Distributed generators have various passive or active anti-islanding mechanisms that open a breaker at the point of connection when an islanding condition is detected. However, islanding detection techniques used in small DGs (such as residential photovoltaic generators) are far from perfect – without expensive circuitry, they may not always immediately detect an island when generation and load are closely matched. Therefore, some utilities require that load on any feeder section (i.e., between interrupters) be always greater than generation, ensuring that an island cannot sustain itself. This means that the total distributed generation capacity on a feeder section must be significantly less than the minimum aggregated load on that section. The problem is compounded by the fact the engineers assessing DG connection requests usually do not know actual load and generation per line section – estimations need to be made.
In the end, allowable distributed generation on a line section can be a pretty small number – in Ontario, Hydro One requires that total generation must not exceed 7% of the annual line section peak load – meaning that few customers are allowed to have generators.
Applying analytics on smart meter data can better assess how much distributed generation can safely be connected to a line section. For instance, minimum load may never be correlated with maximum generation – e.g., in hot climates, minimum load occurs at night, when there is no solar generation. Analytics can look into past load and generation records to determine how much generation can be connected without getting into potential islanding condition. Safe generation levels may be many times more than the previous conservative worst-case-that-never-happens engineering guidelines allowed.
Distributed generators (DG – embedded generators in Europe) can cause voltage excursions outside the allowable range and can exacerbate phase imbalance, increasing losses (especially on North American networks). Utilities set engineering rules to try to mitigate those effects, for example by limiting how much generation can be connected per feeder section.
Unfortunately, meter-to-transformer-to-phase (MTP) mapping (MPT in Europe) is notoriously inaccurate, meaning that engineers do not know the distribution of single-phase DGs on a feeder – with DGs often clustered on single-phase laterals, DG dispersal across phases may be far from even. Similarly, distribution transformer tap positions are generally unknown, but often set high because under-voltages was the traditional problem – with DGs, over-voltage can become the issue. This forces engineers to take an overly cautious approach when assessing DG connections or face the risk of network problem later.

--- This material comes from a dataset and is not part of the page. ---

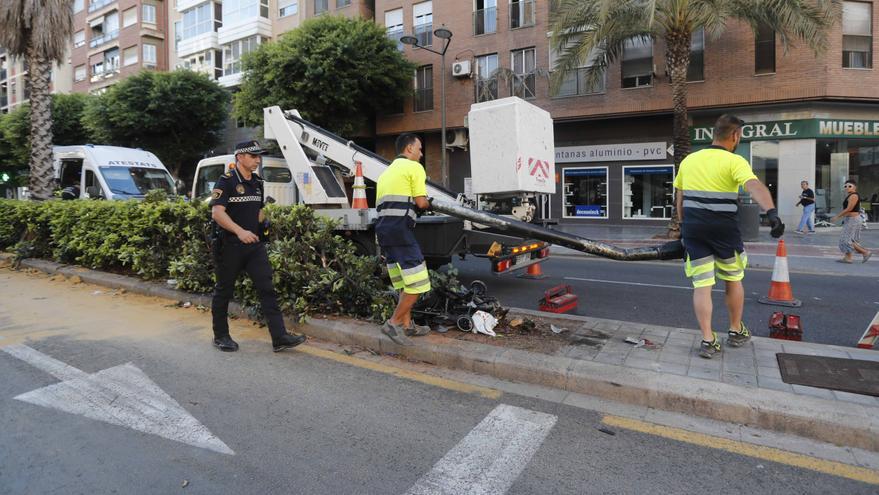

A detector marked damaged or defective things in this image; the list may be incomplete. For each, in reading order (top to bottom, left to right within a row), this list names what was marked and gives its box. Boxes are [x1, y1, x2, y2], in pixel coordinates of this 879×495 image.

bent metal pole [430, 199, 684, 264]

In the past, validating MTP mapping and distribution tap settings required extensive fieldwork to track each triplex to a transformer, to track the transformer to a phase, and to visually check tap setting with a bucket truck. Now, analytic applications can correlate voltage levels over time to identify to what transformers and phase each meter belongs, and identify transformers where tap setting is too high or too low. The analytical engine can also correlate service point street address and longitude/latitude coordinates with those of the transformer. The correlations are statistical, but, with enough historical data, the accuracy is equal to or better than a visual survey, at a much-reduced cost.
With reliable phase and tap information, engineers can now assess DG connections requests with greater confidence that voltage stability of the grid will be maintained.